Under the Act, “‘[f]acility’ means all contiguous land, structures, other appurtenances, and improvements on the land, used for treating, storing, or disposing of waste. A facility may consist of several treatment, storage, or disposal operational units.” Id. § 6602(10) (emphasis added). “Disposal” is defined as “the discharge, deposit, injection, dumping, spilling, leaking, or placing of any solid waste or hazardous waste into or on any land or water so that such solid waste or hazardous waste or any constituent thereof may enter the environment or be emitted into the air or discharged into any ground or surface waters.” Id. § 6602(12).
The parties stipulated that “[w]aste from the Mill Lot was not disposed of on the lands of Lot 1A . . . which lie to the west of the west bank of the Hoosic River.” Rather, waste water was discharged, first directly (prior to 1962) and then indirectly (after 1962), through a series of lagoons, into the river from a portion of the east bank. This “easterly bank of the Hoosic River from which the eventual waste water was discharged from lagoon 5 is situated within the boundaries of Lot 1A.” As a result of this discharge, “there are elevated levels of lead and chromium in the riverbed within the boundaries of Lot 1A.” At this time, however, “remediation of that portion of the Hoosic River within Lot 1A is not necessary and will not be undertaken by the State.”

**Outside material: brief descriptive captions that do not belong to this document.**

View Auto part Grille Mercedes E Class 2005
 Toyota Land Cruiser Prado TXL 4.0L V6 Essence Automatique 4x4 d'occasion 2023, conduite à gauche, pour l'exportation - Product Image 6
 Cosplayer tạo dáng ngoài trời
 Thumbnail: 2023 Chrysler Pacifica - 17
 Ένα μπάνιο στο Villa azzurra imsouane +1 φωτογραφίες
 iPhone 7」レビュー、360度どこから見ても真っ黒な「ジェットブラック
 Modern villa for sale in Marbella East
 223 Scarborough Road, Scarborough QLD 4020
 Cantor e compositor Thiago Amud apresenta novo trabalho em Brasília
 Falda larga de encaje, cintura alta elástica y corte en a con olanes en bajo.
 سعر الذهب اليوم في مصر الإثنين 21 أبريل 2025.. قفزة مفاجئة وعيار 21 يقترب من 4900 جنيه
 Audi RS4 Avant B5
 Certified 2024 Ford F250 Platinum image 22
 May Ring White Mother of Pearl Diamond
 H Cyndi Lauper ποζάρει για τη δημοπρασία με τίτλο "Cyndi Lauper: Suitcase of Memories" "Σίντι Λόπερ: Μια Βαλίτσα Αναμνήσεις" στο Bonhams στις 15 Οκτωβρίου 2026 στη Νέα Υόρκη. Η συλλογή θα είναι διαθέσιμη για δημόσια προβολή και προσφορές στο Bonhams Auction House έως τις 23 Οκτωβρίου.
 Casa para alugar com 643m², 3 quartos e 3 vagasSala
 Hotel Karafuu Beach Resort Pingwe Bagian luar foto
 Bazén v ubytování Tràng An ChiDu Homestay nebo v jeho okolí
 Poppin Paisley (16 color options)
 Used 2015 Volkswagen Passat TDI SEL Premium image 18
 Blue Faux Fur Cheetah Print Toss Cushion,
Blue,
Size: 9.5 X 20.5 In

The trial court concluded that Lot 1A and the Mill Lot are contiguous because the two parcels abut each other. See, e.g.,
Route 4 Assocs. v. Town of Sherburne Plan. Comm’n,
Putting aside for the moment questions of ownership, Lot 1A could be considered a facility under § 6602(10). It is contiguous to the Mill Lot, and was used in a broad sense in the disposing of waste, as some of that material evidently passed through it in earlier periods. This was, of course, long before plaintiff mortgagee had any interest in Lot 1A. As a mere mortgagee, plaintiff is a “secured lender” subject to the safe harbor provision of § 6615(g)(1)(A). The State concedes as much.
Once a mortgagee commences foreclosure, it is still only a secured lender. The State’s counterclaim must set forth “any claim which at the time of serving the pleading the pleader has against any opposing party.” V.R.C.P 13(a). The State has not shown what claim it had, under the waste-management statute, at that time. At a later time, after the decree of foreclosure becomes choate by expiration of rights of redemption, plaintiff will become the owner of Lot 1A. Whether it thereby becomes liable in some way for being the owner of that lot is not for determination at this time. We may decide only claims pending between parties, not all possible future claims. See
C. V. Landfill, Inc. v. Environmental Bd.,
Affirmed.
Notes
The parties disputed whether Lot 1A is contiguous with Lot 3, the Mill Lot. The trial court concluded that the parcels are contiguous, see discussion infra, Part III. This conclusion was not appealed.
The trial court’s conclusory statement that the parcels “are portions of one facility that falls under single ownership,” until one of the parcels is foreclosed, does not reveal a § 6602(10) analysis.